Exactly the lines from the one containing "image RUKO +" through the one containing "Small Image of" in the listing below are to be copied, with the pictures left out.

** Given data **
*-*-*
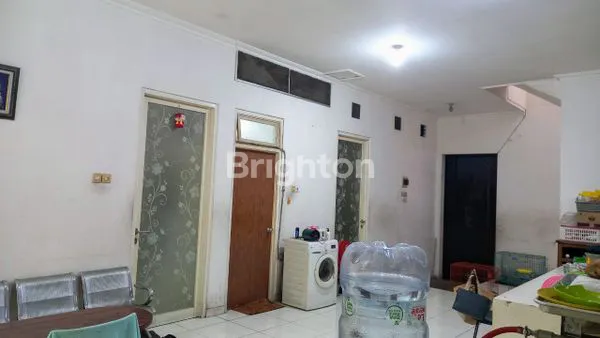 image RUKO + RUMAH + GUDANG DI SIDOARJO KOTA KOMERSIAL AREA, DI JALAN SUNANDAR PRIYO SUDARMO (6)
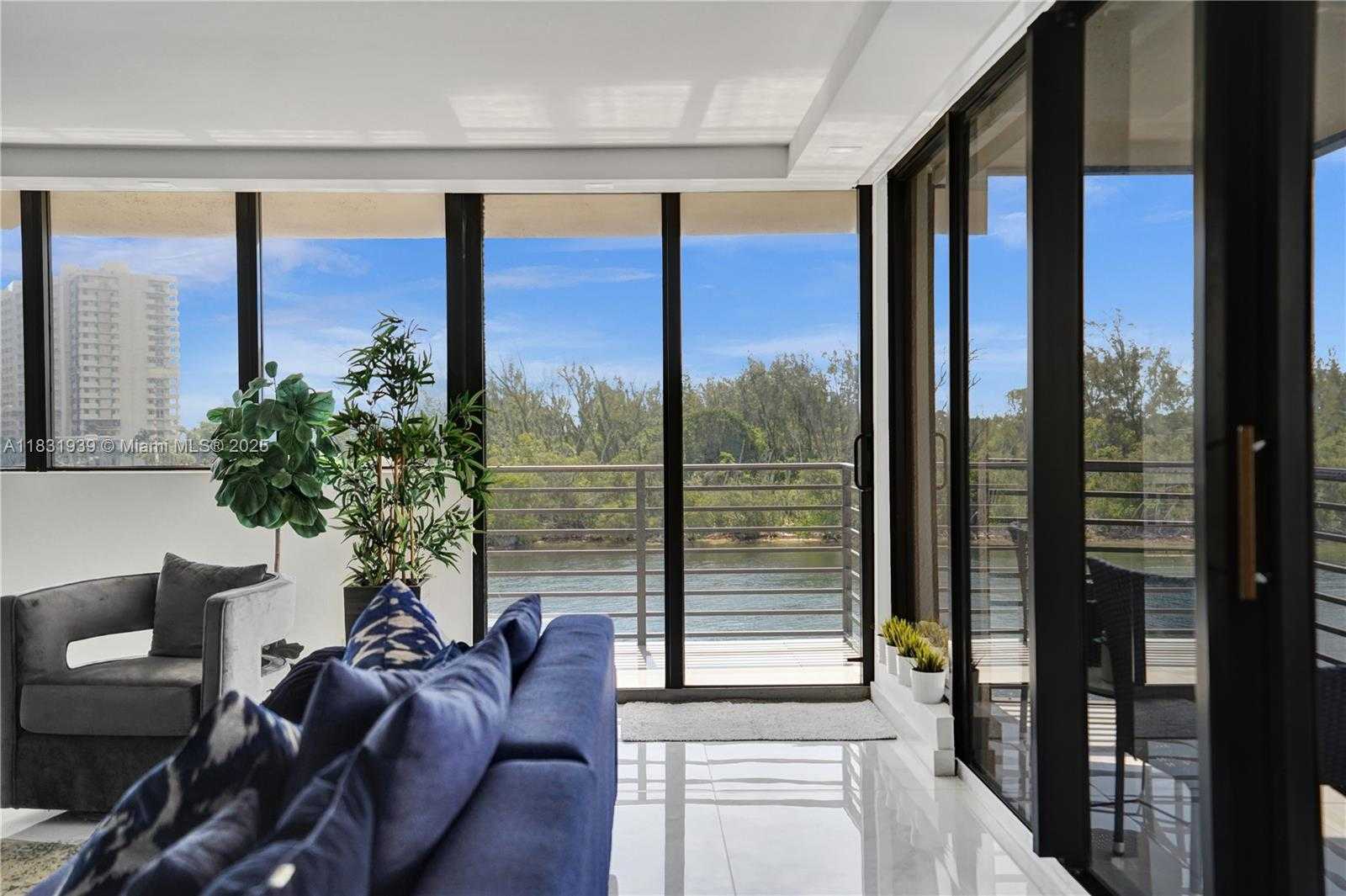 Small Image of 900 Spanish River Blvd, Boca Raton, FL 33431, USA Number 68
*-*-*
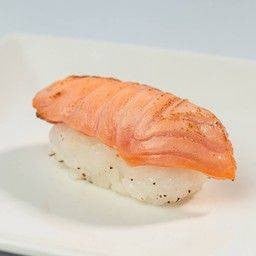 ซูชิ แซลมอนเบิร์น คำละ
*-*-*
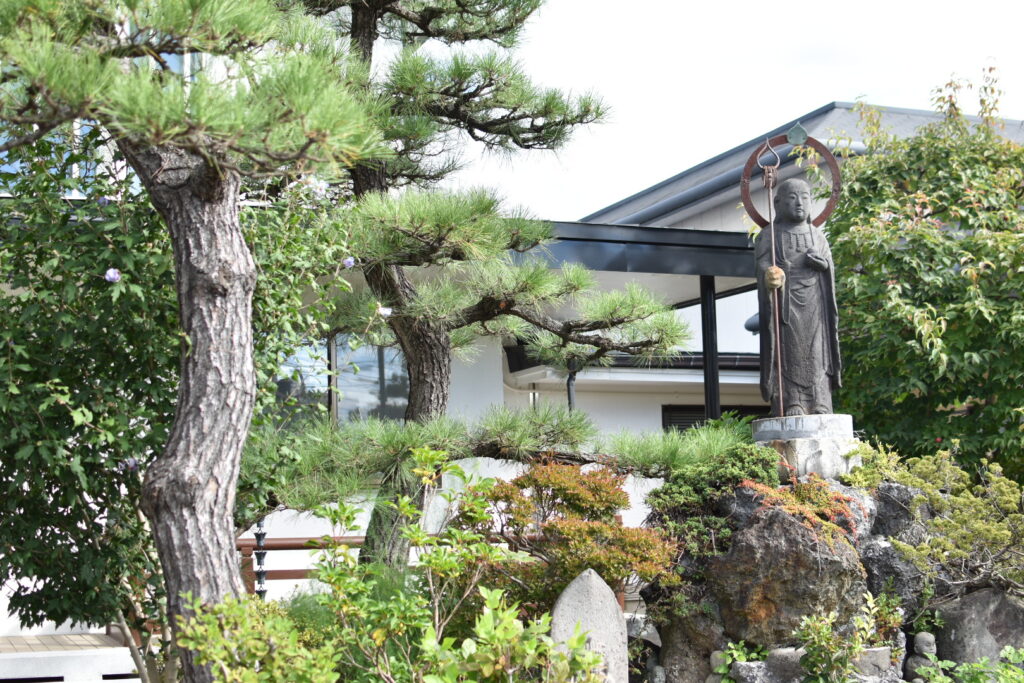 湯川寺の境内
*-*-*
** Solution below **
 image RUKO + RUMAH + GUDANG DI SIDOARJO KOTA KOMERSIAL AREA, DI JALAN SUNANDAR PRIYO SUDARMO (6)
 Small Image of 900 Spanish River Blvd, Boca Raton, FL 33431, USA Number 68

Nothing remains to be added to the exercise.